I mean, why not just ask users what they want to see and give it to them rather than guess and hope for the best?

This is something that has concerned me for quite a long time as a privacy advocate (founding member of the board of TRUSTe) and marketer (30 years in marketing and public relations).

Behavior tracking is akin to eavesdropping in my view. You hear stuff, but never get the full picture.

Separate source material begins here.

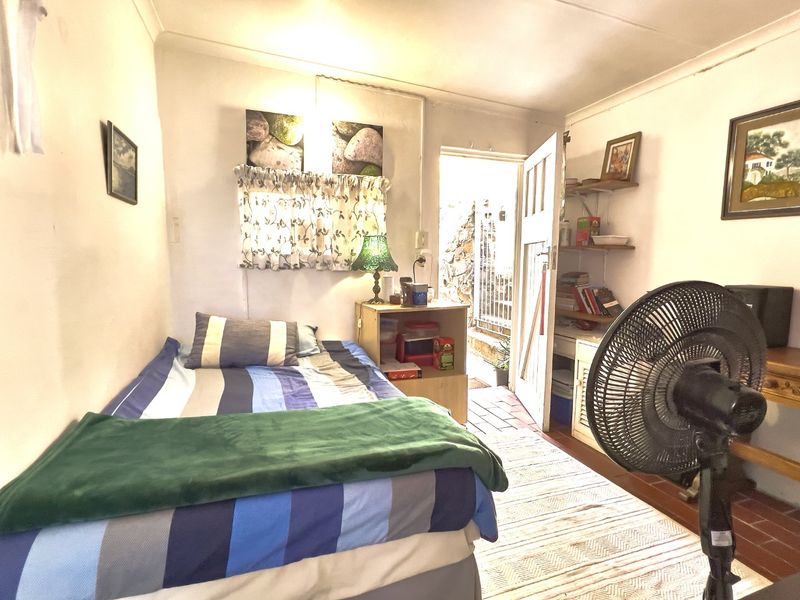 Studio to rent in Green Point Upper. - Photo 2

I am in the midst of launching a new company, too, based on putting my money where my mouth is on this. I will put you on the list!

John Berard
San Francisco, CA

20 February 2008 23:07  
Blogger Bilito said...

ISPs, portals, and ad networks have dropped the ball. They have allowed the behavior targeting debate to spin out of their control, leaving the conversation in the hands of privacy evangelicals that represent only a vocal minority. As a result, most consumers and law-makers have concluded that ad targeting is a corporation vs. consumer issue.

Read the excellent analysis at http://www.BroodingSavage.com

11 March 2008 15:06  
Anonymous Midnight_Voice said...

Hi Kevin

As a customer of one of the ISPs trialling this system in the UK, I see things rather differently from you. Radically differently, in fact.

How would it be if your postman opened all your mail, read it thoroughly, sealed it again, and then dropped it in your mailbox along with whatever of the junk mail he was carrying seemed to match what he had just read in your mail?

Might that make you feel a little uneasy? Or even violated?

Well, that's how Phorm feels to the customers of the ISPs it's been perpetrated on.

They read my surfing, they read my webmail. Everything. Even if I don't give my permission. That's hateful.

And (thank goodness) it's illegal in the UK, so unless Phorm have some Faustian pact with our government, it's not going to happen.

And do you know who Phorm were? They were 121Media, perpetrators of the People on Page spyware (look it up on Google).

I have no idea why my ISP is in bed with these people. But if Phorm goes ahead, they won't be my ISP any more.

Inconvenient, aren't we? Why can't we just be a passive target market for these guys?

Well, we have news for Phorm. The price - our freedom to browse the internet at will without Big Brother watching everything we do - is too high. Too high for anything, pretty much, and certainly too high for the few derisory and illusory 'benefits' Phorm proffers.

Phorm, we have news for you. Your target market is returning fire; and you are going down in the resultant hail of brickbats.

Kevin, you might want to have a hard think about how things look from the customer side; and then you might want to post a rather more realistic appraisal of Phorm.